[OpenAFS] Re: bos killed fileserver before it was shut down cleanly.

Sat, 9 Oct 2010 14:00:32 -0500

On Sat, 09 Oct 2010 10:35:19 -0700
Russ Allbery <rra@stanford.edu> wrote:

> Anders Magnusson <ragge@ltu.se> writes:
> 
> > I noticed an annoying thing yesterday; if fileserver takes more than
> > 30*60 seconds to shutdown, it is killed by bos, even though it is still
> > offlining volumes.  (more annoying; fileserver fails to handle SIGKILL
> > correctly and segfaults as a side effect).

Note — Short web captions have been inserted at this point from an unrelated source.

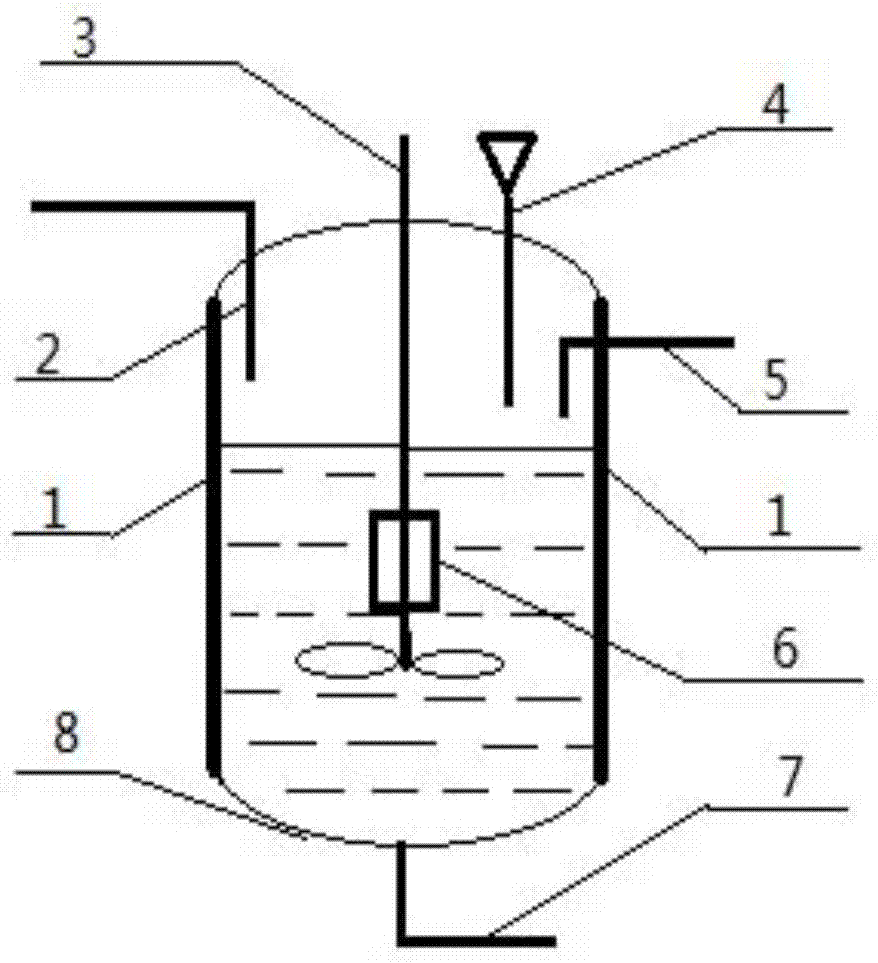 Method and equipment for efficiently synthesizing adipate crystal from ammonium adipate formation waste liquid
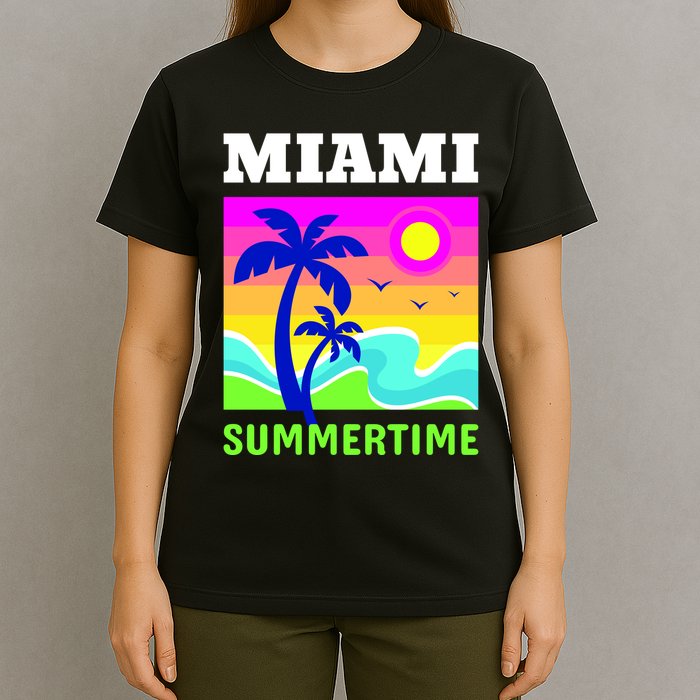 Miami Summertime T-Shirt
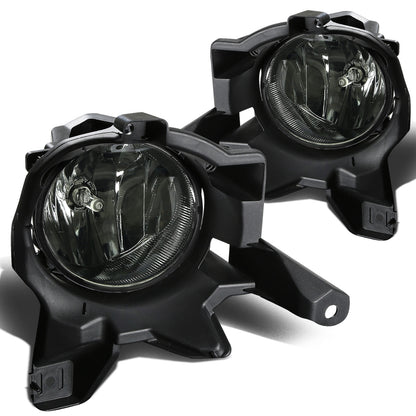 FAROS DE NIEBLA 13-16 TOYOTA RAV4 - W/ SWITCH - H16 BULB - SMOKE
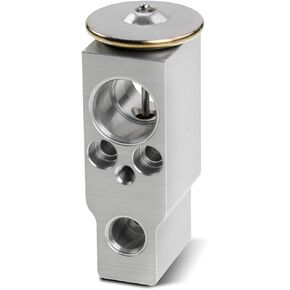 A-Premium A/C Expansion Valve Compatible with Toyota Sienna 2011-2016, Sequoia 2009-2019, Yaris 2013-2018, Land Cruiser 2008-2020 & Lexus LX570, GX460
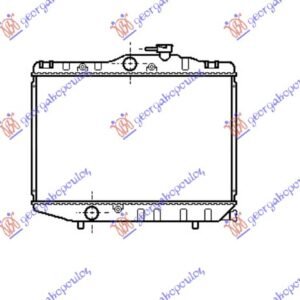 HLADNJAK MOTORA 1.0/1.3CC (32x45) - TOYOTA STARLET 1985-1989 (EP 70)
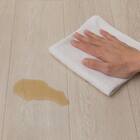 円形マルチマット(ダイニングマット・ペット用マット・お子様のプレイマット・観葉植物マット)　40R　E-1009 3枚目画像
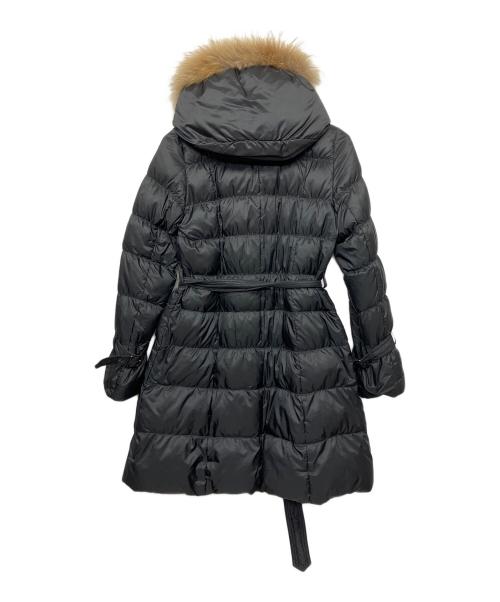 BURBERRY BLUE LABEL（バーバリー ブルー レーベル）BURBERRY BLUE LABEL (バーバリーロンドンブルーレーベル) ダウンコート ブラック サイズ:40の古着・服飾アイテム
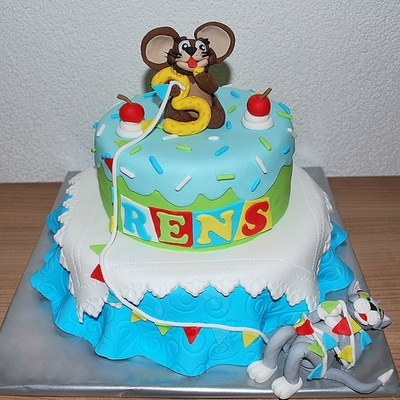 Tom & Jerry Cake Tom & Jerry Cake
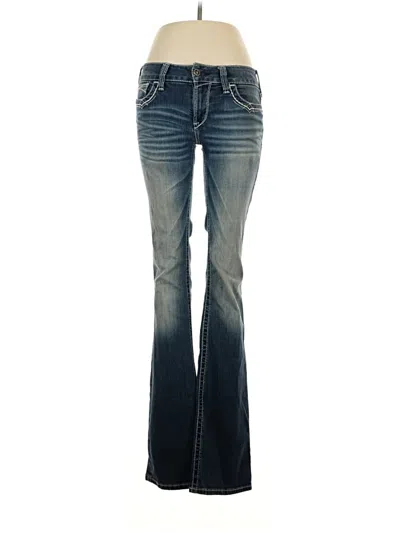 Pre-owned Ariat Jeans In Blue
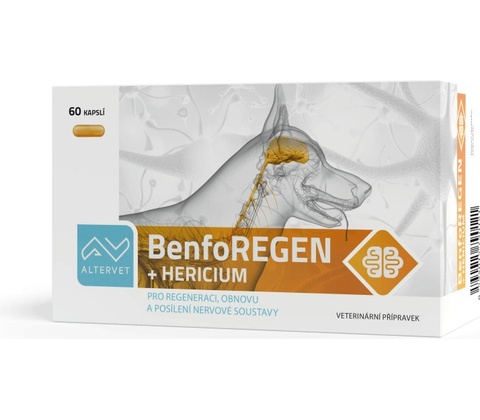 AlterVet BenfoREGEN 60 kapslí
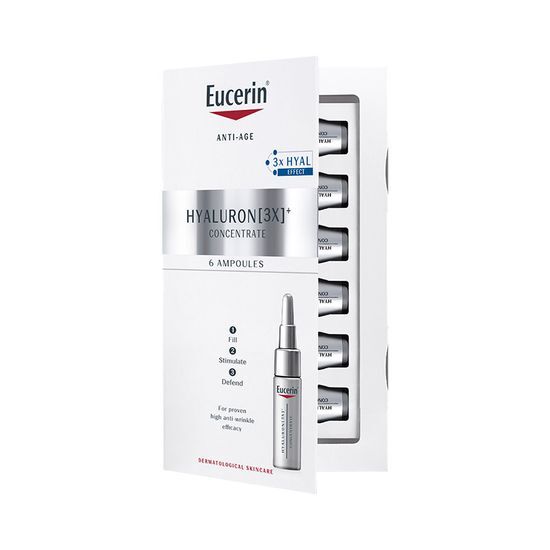 [毛穴セラム] HYALURON[3X] CONCENTRATE serum 5mlX6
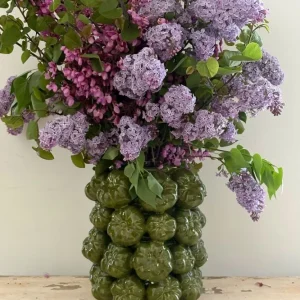 Antideslizante Vase de tomates vertes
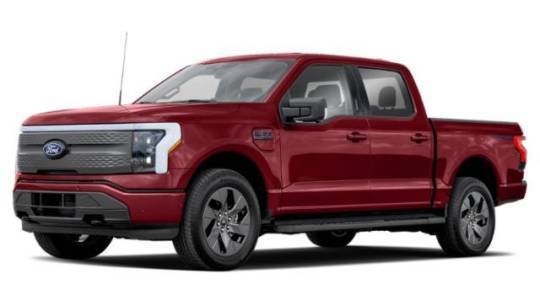 2025 Ford F-150 Lightning 1FT6W3LUXSWG12666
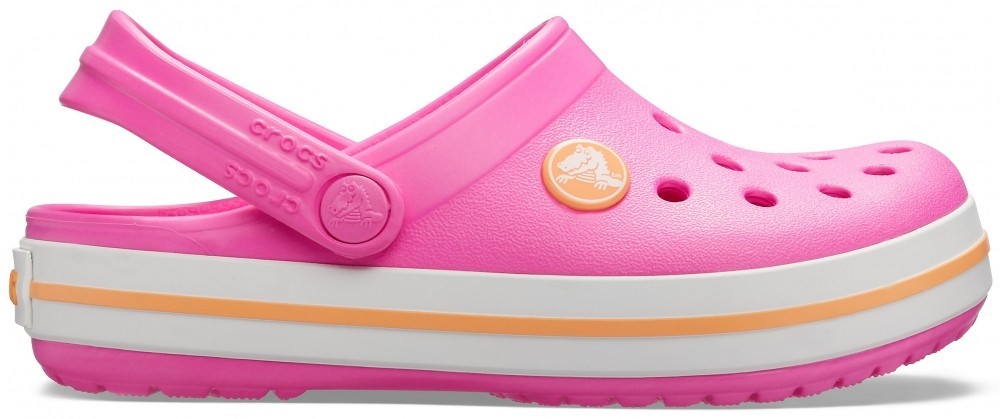 

Сабо Crocs Kids Crocband 204537-6QZ-C5 22 Розовый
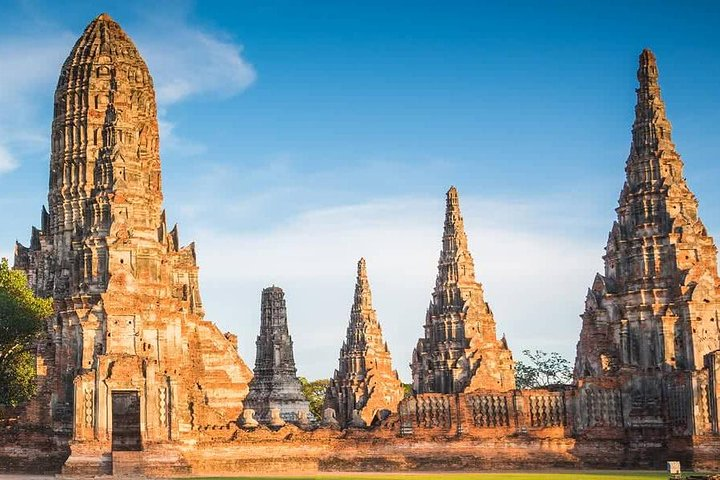 Explore the stunning architecture of ancient Ayutthaya with its awe-inspiring temples rich history and serene river views that tell tales of a magnificent past waiting to be uncovered.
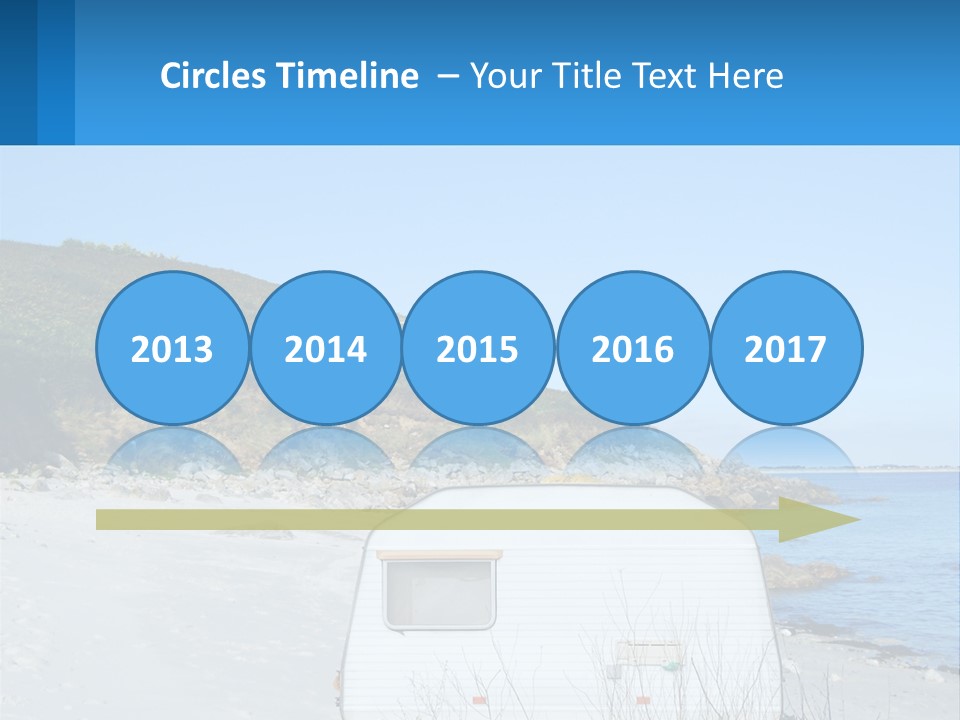 Sea Home Vacation PowerPoint Template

Erm, we shouldn't be able to handle KILL at all, let alone incorrectly.
If you have a core that says it died from SEGV, can you give the
backtrace?

> > This is for 1.4.12.1, I haven't looked at 1.5, but I do not think it
> > ever should force fileserver to die while it's doing it's work.  No
> > idea how to implement this though without a major rewrite.
> 
> The problem is that it's also not uncommon for the fileserver to
> completely or nearly completely stall when shutting down, so unless
> bos kills it your fileserver is going to be down for hours and hours.
> That's the reason for the eventual kill.  At some point, it becomes
> faster to salvage than to wait for the fileserver.

If we had a way for the fileserver to communicate some kind of keepalive
or estimate on the number of attached volumes, this could be avoided.
But "offlining volumes" and "deadlocked" are indistinguishable from the
bosserver's point of view, and the bosserver has no idea how long it
should take. 1.5 still has this, but if you use DAFS it's not as much of
a problem.

If you want a workaround, you can send the fileserver a SIGQUIT
yourself if you want to restart the fileserver. If you want to stop it,
you may be able to switch the binary with a shell script that sleeps and
then SIGQUIT it, or something similar. Not that I'm recommending that,
but it's possible :)

> I could certainly see making the timeout an option, though, so you can
> choose not to ever kill your fileserver if you want to manage that
> manually.

If you want to change it for now, you can just alter FSSDTIME in
src/bozo/bnode.p.h and build.

An option I would think would be a new optional field in BosConfig...
obviously new 'bos' support for such a thing would take longer for the
RPCs. It may make sense to try to move this to the fileserver itself,
though, since we have more knowledge to estimate how long a shutdown
should take. It can be very simple and unlikely to fail or get stuck:
just create a thread, sleep for N seconds and assert. We already do this
for ShutDownAndCore(PANIC) calls.

-- 
Andrew Deason
adeason@sinenomine.net